从map开始说起一（仔细学习Hashmap)

wcf1987

浏览: 635401 次
性别:
来自: 西安

最近访客更多访客>>

guojch

XiaoPY

cloaking

gaoaohan

博主相关

博客

微博

相册

留言

关于我

文章分类

社区版块

存档分类

博客分类：

java

提起map，这个java中collection家族中的典范，特别是hashmap更是大家耳熟能详的工具类，下面就细细的看看

public class HashMap<K,V>
    extends AbstractMap<K,V>
    implements Map<K,V>, Cloneable, Serializable
{

    /**
     * The default initial capacity - MUST be a power of two.
     */
    static final int DEFAULT_INITIAL_CAPACITY = 16;

    /**
     * The maximum capacity, used if a higher value is implicitly specified
     * by either of the constructors with arguments.
     * MUST be a power of two <= 1<<30.
     */
    static final int MAXIMUM_CAPACITY = 1 << 30;

    /**
     * The load factor used when none specified in constructor.
     */
    static final float DEFAULT_LOAD_FACTOR = 0.75f;

    /**
     * The table, resized as necessary. Length MUST Always be a power of two.
     */
    transient Entry[] table;

    /**
     * The number of key-value mappings contained in this map.
     */
   transient int size;

    /**
     * The next size value at which to resize (capacity * load factor).
     * @serial
     */
    int threshold;

    /**
     * The load factor for the hash table.
     *
     * @serial
     */
    final float loadFactor;

    /**
     * The number of times this HashMap has been structurally modified
     * Structural modifications are those that change the number of mappings in
     * the HashMap or otherwise modify its internal structure (e.g.,
     * rehash).  This field is used to make iterators on Collection-views of
     * the HashMap fail-fast.  (See ConcurrentModificationException).
     */
    transient volatile int modCount;

这是Hashmap中的实例变量（jdk1.6），其中大家可以看到hashmap的实质其实是一个transient Entry[] table数组，另外像DEFAULT_INITIAL_CAPACITY（默认容量），MAXIMUM_CAPACITY最大容量（2^30），DEFAULT_LOAD_FACTOR默认装载因子（0.75），这些都是staic final的，用来当做默认配置和检查边界的，另外可以设置的3个也是我们一般传进去的参数，size（这个是记录map内存了多少对数据的），threshold，loadFactor，分别是边界值，加载因子，关系就是threshold=a*loadFactor，意思就是你的table初始化为a大小，当你不断添加内容到了threshold大小时，table就要自动加倍了。

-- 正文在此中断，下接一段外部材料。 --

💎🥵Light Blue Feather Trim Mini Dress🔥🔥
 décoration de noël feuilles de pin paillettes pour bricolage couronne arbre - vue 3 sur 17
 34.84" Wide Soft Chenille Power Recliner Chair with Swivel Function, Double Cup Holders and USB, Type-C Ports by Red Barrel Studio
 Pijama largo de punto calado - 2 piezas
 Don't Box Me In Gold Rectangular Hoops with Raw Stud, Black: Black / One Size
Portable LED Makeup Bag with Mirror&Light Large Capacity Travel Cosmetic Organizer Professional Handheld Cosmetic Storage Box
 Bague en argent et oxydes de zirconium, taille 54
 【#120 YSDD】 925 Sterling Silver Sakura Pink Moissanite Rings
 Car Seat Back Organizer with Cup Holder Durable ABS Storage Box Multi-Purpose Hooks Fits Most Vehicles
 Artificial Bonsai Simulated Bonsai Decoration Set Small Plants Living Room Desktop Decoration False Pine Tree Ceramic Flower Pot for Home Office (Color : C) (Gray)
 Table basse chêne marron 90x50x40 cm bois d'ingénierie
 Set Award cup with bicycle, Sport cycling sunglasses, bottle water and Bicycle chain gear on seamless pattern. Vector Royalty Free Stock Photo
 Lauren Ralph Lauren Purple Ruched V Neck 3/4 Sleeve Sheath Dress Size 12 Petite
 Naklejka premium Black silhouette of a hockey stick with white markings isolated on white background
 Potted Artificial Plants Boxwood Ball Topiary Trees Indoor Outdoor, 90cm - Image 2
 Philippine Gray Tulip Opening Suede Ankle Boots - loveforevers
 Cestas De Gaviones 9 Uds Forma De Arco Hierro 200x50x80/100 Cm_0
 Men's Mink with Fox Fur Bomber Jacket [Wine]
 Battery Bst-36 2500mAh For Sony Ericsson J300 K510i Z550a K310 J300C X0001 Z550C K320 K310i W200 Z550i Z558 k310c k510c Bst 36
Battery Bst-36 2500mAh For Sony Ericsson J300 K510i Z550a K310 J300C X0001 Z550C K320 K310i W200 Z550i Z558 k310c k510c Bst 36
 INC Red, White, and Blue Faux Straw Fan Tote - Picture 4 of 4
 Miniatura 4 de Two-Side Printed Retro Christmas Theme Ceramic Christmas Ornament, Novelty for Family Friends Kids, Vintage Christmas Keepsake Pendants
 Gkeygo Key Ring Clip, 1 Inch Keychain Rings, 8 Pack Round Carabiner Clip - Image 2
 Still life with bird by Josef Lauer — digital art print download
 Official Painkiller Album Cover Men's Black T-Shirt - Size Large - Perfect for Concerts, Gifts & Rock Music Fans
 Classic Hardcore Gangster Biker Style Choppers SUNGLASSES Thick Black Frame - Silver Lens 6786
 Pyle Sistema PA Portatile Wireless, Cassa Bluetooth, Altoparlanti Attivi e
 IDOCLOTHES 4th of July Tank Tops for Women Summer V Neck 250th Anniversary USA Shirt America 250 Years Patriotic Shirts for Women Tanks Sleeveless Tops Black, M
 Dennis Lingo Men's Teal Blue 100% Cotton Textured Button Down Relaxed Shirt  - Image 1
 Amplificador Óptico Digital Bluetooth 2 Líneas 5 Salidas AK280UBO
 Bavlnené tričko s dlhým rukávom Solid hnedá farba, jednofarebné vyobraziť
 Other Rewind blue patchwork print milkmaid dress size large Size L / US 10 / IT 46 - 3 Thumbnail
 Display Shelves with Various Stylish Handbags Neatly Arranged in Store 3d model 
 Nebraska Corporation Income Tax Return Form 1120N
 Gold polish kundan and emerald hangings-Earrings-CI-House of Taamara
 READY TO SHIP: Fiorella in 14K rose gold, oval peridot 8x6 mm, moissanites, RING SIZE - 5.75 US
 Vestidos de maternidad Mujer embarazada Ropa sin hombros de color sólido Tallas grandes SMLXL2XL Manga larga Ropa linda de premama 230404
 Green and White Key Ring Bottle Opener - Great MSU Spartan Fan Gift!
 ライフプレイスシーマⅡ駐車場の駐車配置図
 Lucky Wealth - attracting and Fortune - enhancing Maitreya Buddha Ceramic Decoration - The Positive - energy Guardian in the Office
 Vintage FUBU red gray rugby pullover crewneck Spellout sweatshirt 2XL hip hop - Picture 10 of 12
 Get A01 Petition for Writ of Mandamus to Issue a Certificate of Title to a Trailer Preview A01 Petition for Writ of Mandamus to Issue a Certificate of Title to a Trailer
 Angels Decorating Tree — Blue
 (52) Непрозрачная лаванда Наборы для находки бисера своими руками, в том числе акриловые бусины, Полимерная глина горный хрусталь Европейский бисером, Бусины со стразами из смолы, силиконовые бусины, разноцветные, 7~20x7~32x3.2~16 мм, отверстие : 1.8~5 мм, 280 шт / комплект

public HashMap(int initialCapacity, float loadFactor) {
        if (initialCapacity < 0)
            throw new IllegalArgumentException("Illegal initial capacity: " +
                                               initialCapacity);
        if (initialCapacity > MAXIMUM_CAPACITY)
            initialCapacity = MAXIMUM_CAPACITY;
        if (loadFactor <= 0 || Float.isNaN(loadFactor))
            throw new IllegalArgumentException("Illegal load factor: " +
                                               loadFactor);

        // Find a power of 2 >= initialCapacity
        int capacity = 1;
        while (capacity < initialCapacity)
            capacity <<= 1;

        this.loadFactor = loadFactor;
        threshold = (int)(capacity * loadFactor);
        table = new Entry[capacity];
        init();
    }

这个就是我们常用的构造函数，基本上就是对初始容量大小，loadFactor的检查，以及最关键的table = new Entry[capacity];，其中capacity并不是我们制定多少，他就是多少，实际上他选择了刚好小于输入initialCapacity的2的倍数作为大小，

 public V put(K key, V value) {
        if (key == null)
            return putForNullKey(value);
        int hash = hash(key.hashCode());
        int i = indexFor(hash, table.length);
        for (Entry<K,V> e = table[i]; e != null; e = e.next) {
            Object k;
            if (e.hash == hash && ((k = e.key) == key || key.equals(k))) {
                V oldValue = e.value;
                e.value = value;
                e.recordAccess(this);
                return oldValue;
            }
        }

        modCount++;
        addEntry(hash, key, value, i);
        return null;
    }

这就是著名的put函数了，注意这里可以明显看到hashmap不是同步的，以及他可以接受空值为键，此外大家也可以明显看到一个良好的key的hashcode()还是很必要的,如果设置了一个垃圾的hashcode()函数，那么

    static int hash(int h) {
        // This function ensures that hashCodes that differ only by
        // constant multiples at each bit position have a bounded
        // number of collisions (approximately 8 at default load factor).
        h ^= (h >>> 20) ^ (h >>> 12);
        return h ^ (h >>> 7) ^ (h >>> 4);
    }

即便HashMap的hash函数也无能为力了，当得到处理过的32位hash码后，还要继续处理得到table[]的index

    static int indexFor(int h, int length) {
        return h & (length-1);
    }

很简单的一个函数，利用table的长度很好的截出了适当的大小，然后就是利用index在table中开始找key了，很明显这个就是直到找到为空或者找到"相同的"key，然后覆盖，如果没有调用addEntry

for (Entry<K,V> e = table[i]; e != null; e = e.next) {
            Object k;
            if (e.hash == hash && ((k = e.key) == key || key.equals(k))) {
                V oldValue = e.value;
                e.value = value;
                e.recordAccess(this);
                return oldValue;
            }
        }

        modCount++;
        addEntry(hash, key, value, i);
        return null;

    void addEntry(int hash, K key, V value, int bucketIndex) {
	Entry<K,V> e = table[bucketIndex];
        table[bucketIndex] = new Entry<K,V>(hash, key, value, e);
        if (size++ >= threshold)
            resize(2 * table.length);
    }

这里很明显，就看到了每当新加一个Entry时，size++，并且如果size>threshold(就是前面两者相乘的结果)，则table长度翻倍。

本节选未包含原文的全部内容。